Super-injunctions are a legal instrument which prevent the reporting of certain facts or allegations, and also ban the existence of the injunction itself from being reported.

The device came to public prominence in 2011, when it emerged that a large number of celebrities had taken out the court orders in response to Press stories about their private lives.


One of the most high-profile cases was that of Manchester United footballer Ryan Giggs, who used a super-injuction to prevent his extra-marital affair with model Imogen Thomas from coming to light.
The existence of Mr Giggs's injunction became public when Liberal Democrat MP John Hemming, a transparency campaigner, used parliamentary privilege to name the footballer in the House of Commons in May 2011.


Two months earlier, Mr Hemming had revealed that shamed former RBS boss Fred Goodwin had an injunction banning the reporting of his affair with a colleague.


In the same year, TV presenter Jeremy Clarkson admitted that he had taken out a super-injunction designed to stop his ex-wife talking about an alleged affair of his.
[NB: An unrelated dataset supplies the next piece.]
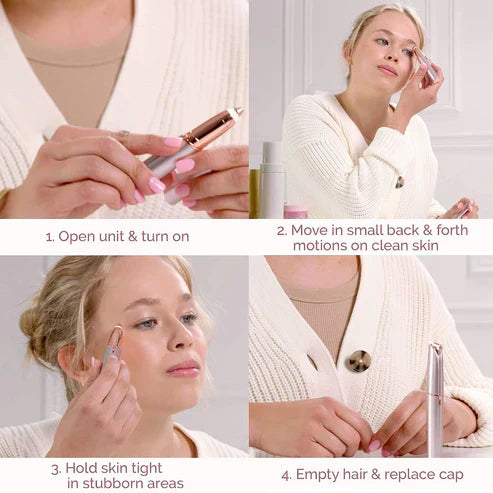 đĨ Flawless Eyebrow Hair Remover â Painless Precision Trimmer for Women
The star said that injunctions were 'pointless', adding: 'You take out an injunction against somebody or some organisation and immediately news of that injunction and the people involved and the story behind the injunction is in a legal-free world on Twitter and the internet.'


Similarly, Andrew Marr admitted in April 2011 that he had taken out a super-injunction following an affair with another journalist, saying he was 'embarrassed' about the court order.


However, most of the super-injunctions taken out by celebrities are still in force, meaning that the identities of those behind them cannot be reported.


These include claims that one female entertainer was sacked from her job after an affair with a colleague, and reports of a well-known married celebrity sleeping with a prostitute.